● **What is required**
The lines from the one with "zajęcia czytelnicze" through the last line of the material below, copied exactly and free of pictures, make up the whole answer.

[Data records — start]

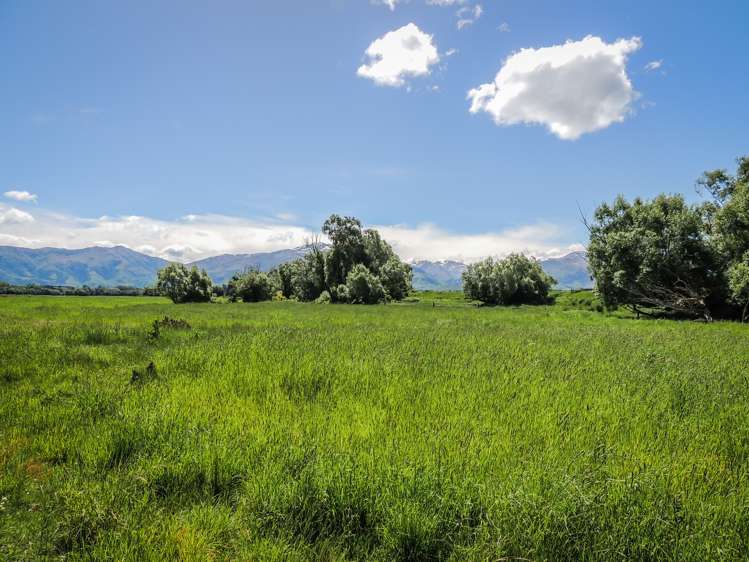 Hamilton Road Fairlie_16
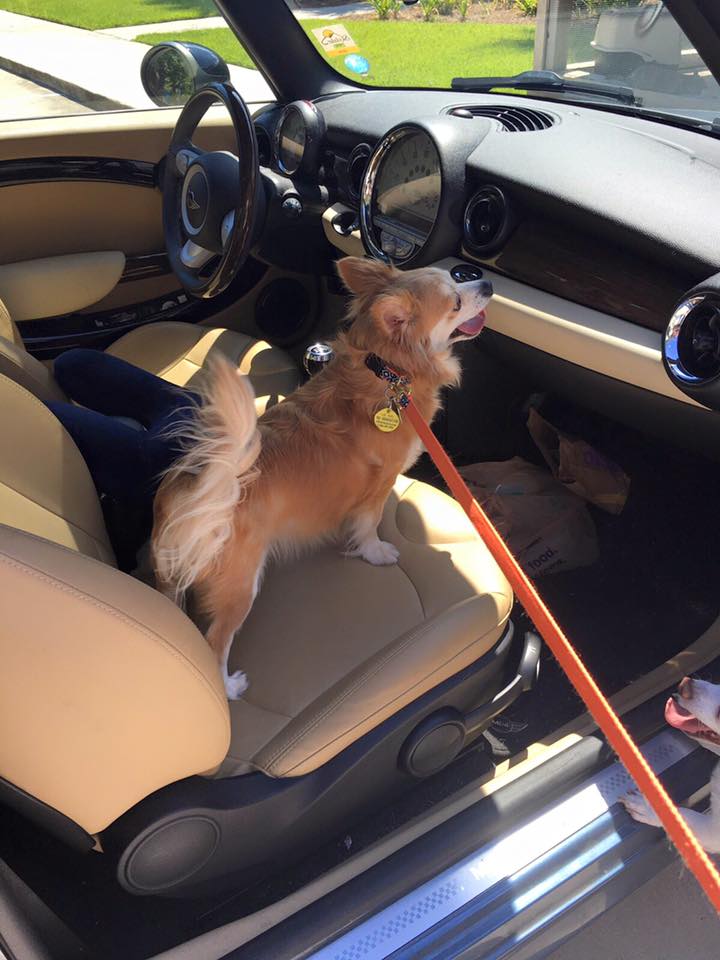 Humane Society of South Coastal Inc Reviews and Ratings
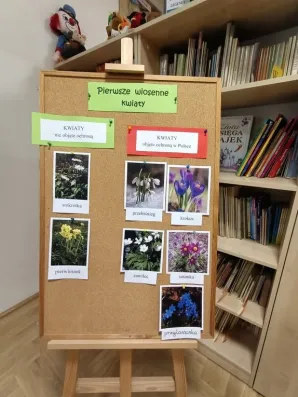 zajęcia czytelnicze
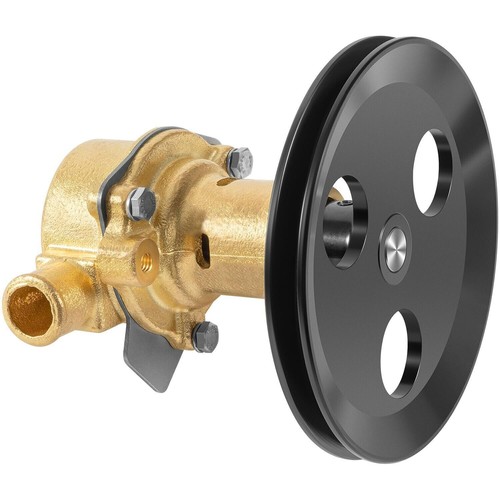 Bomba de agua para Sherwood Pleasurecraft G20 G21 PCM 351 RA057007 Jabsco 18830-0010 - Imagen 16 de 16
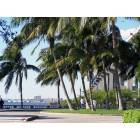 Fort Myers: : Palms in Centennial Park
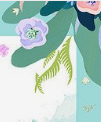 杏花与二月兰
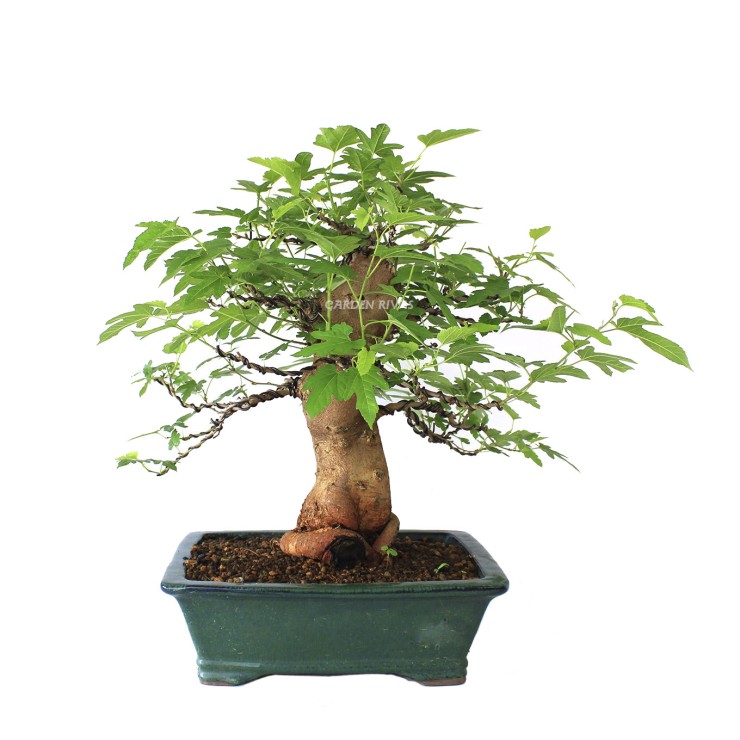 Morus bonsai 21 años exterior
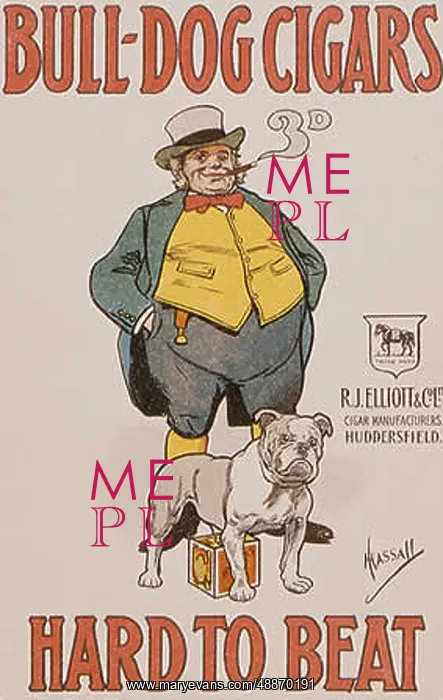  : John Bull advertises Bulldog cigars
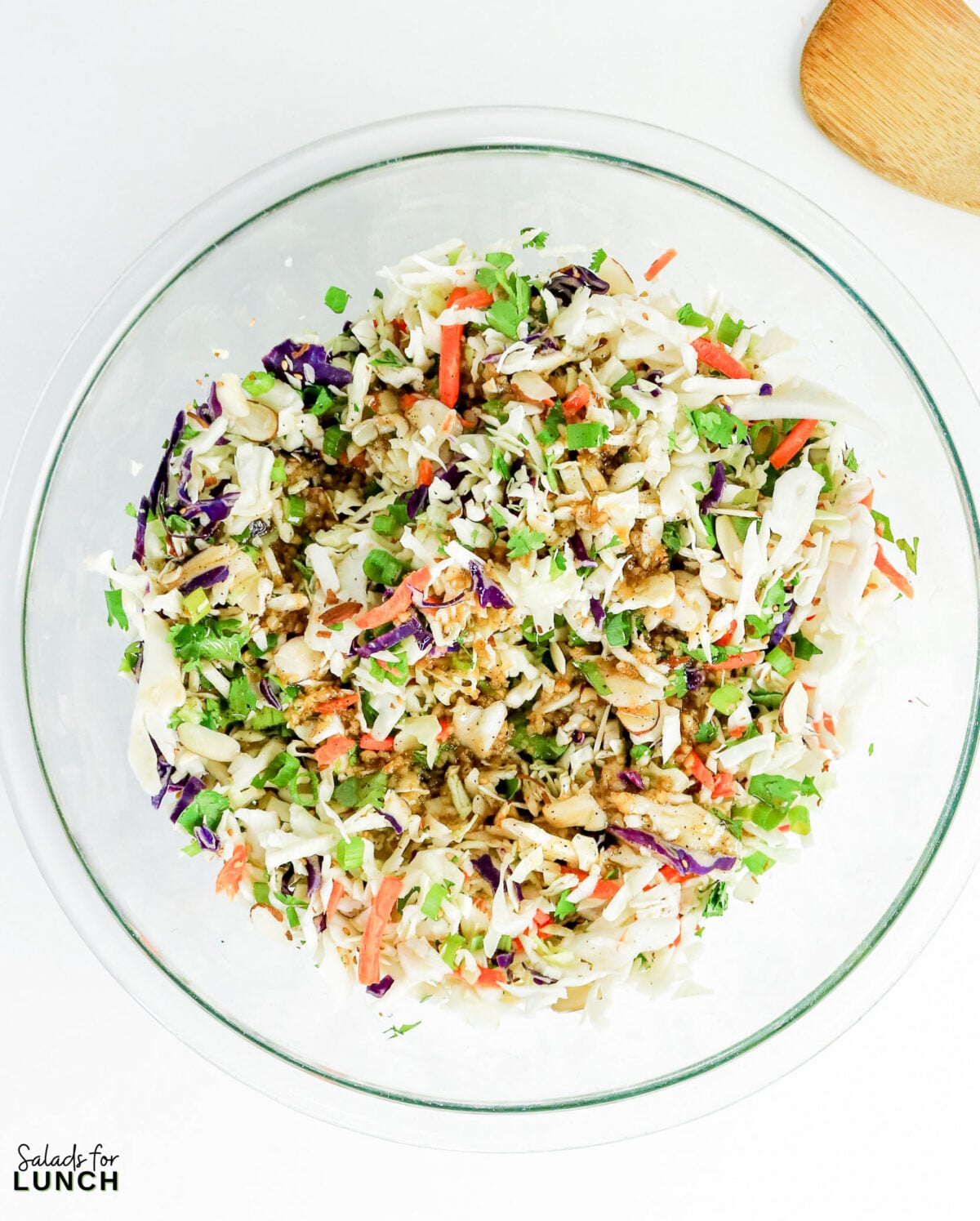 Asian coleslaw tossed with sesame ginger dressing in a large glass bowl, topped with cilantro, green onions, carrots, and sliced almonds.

[Data records — finish]

● **Result of the exercise**
 zajęcia czytelnicze
 Bomba de agua para Sherwood Pleasurecraft G20 G21 PCM 351 RA057007 Jabsco 18830-0010 - Imagen 16 de 16
 Fort Myers: : Palms in Centennial Park
 杏花与二月兰
 Morus bonsai 21 años exterior
  : John Bull advertises Bulldog cigars
 Asian coleslaw tossed with sesame ginger dressing in a large glass bowl, topped with cilantro, green onions, carrots, and sliced almonds.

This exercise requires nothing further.